[Opening SOURCE DATA section]

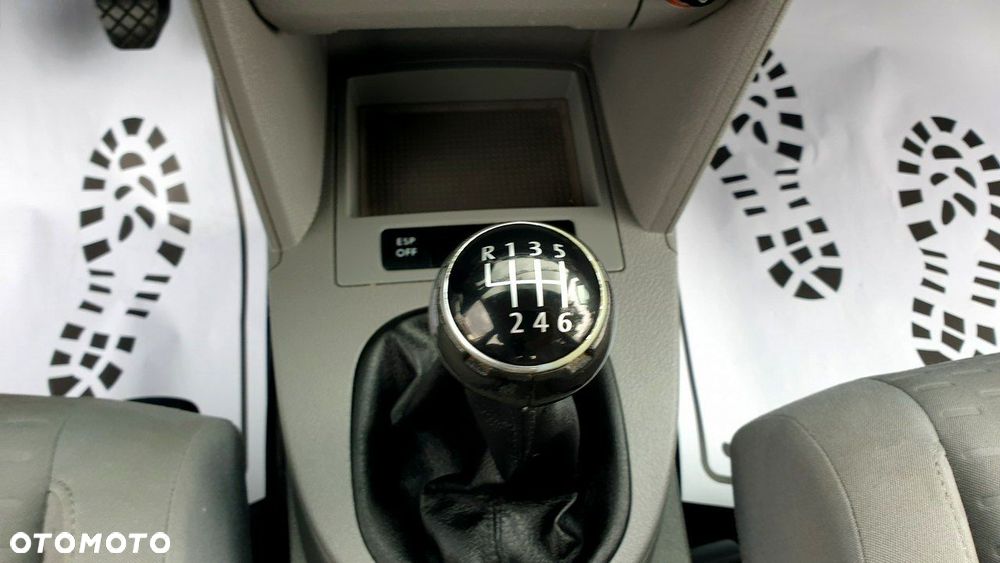 Volkswagen Touran - 22
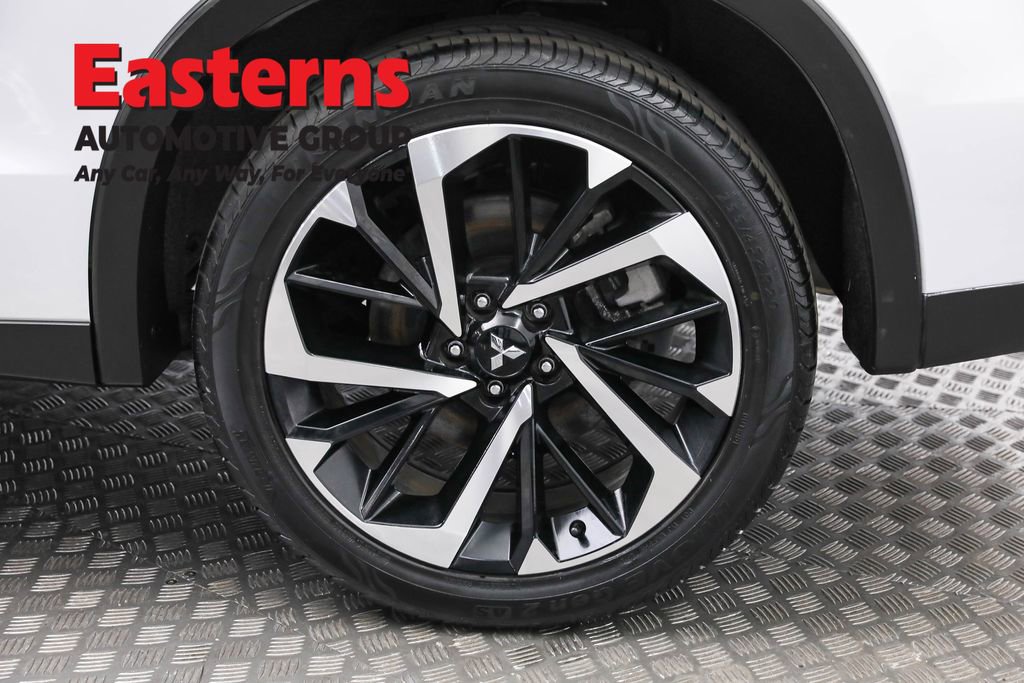 Used 2024 Mitsubishi Outlander SE image 34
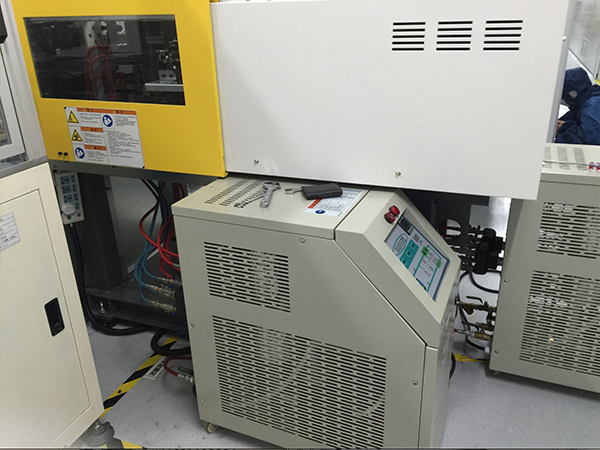 鏡片模溫機的應(yīng)用，革新鏡片注塑生產(chǎn)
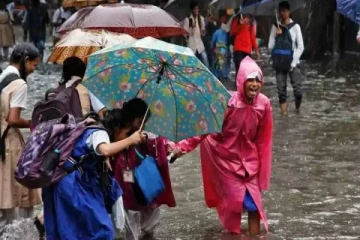 வெளுத்து வாங்கும் கனமழை - இந்த மாவட்டங்களில் பள்ளி, கல்லூரிகளுக்கு விடுமுறை!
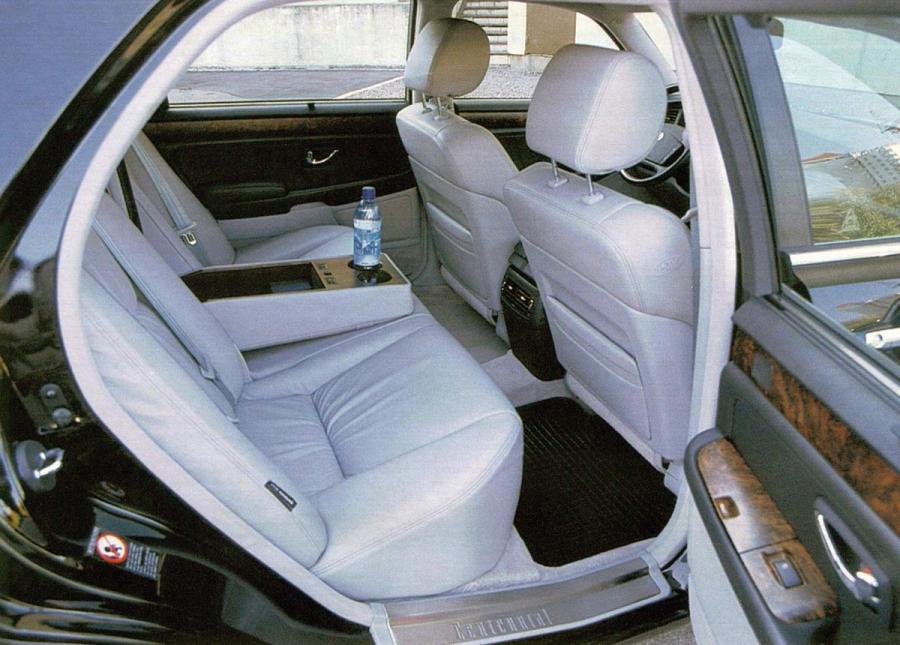 Интерьер Hyundai Centennial 1999 года  (фото 5 из 13)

[Closing SOURCE DATA section]

**DIRECTIONS:**
The reply needs to repeat exactly the line containing "வெளுத்து வாங்கும் கனமழை" and each line after it, through the final line of the entries above, and to skip the pictures.

**PROBLEM SOLUTION:**
 வெளுத்து வாங்கும் கனமழை - இந்த மாவட்டங்களில் பள்ளி, கல்லூரிகளுக்கு விடுமுறை!
 Интерьер Hyundai Centennial 1999 года  (фото 5 из 13)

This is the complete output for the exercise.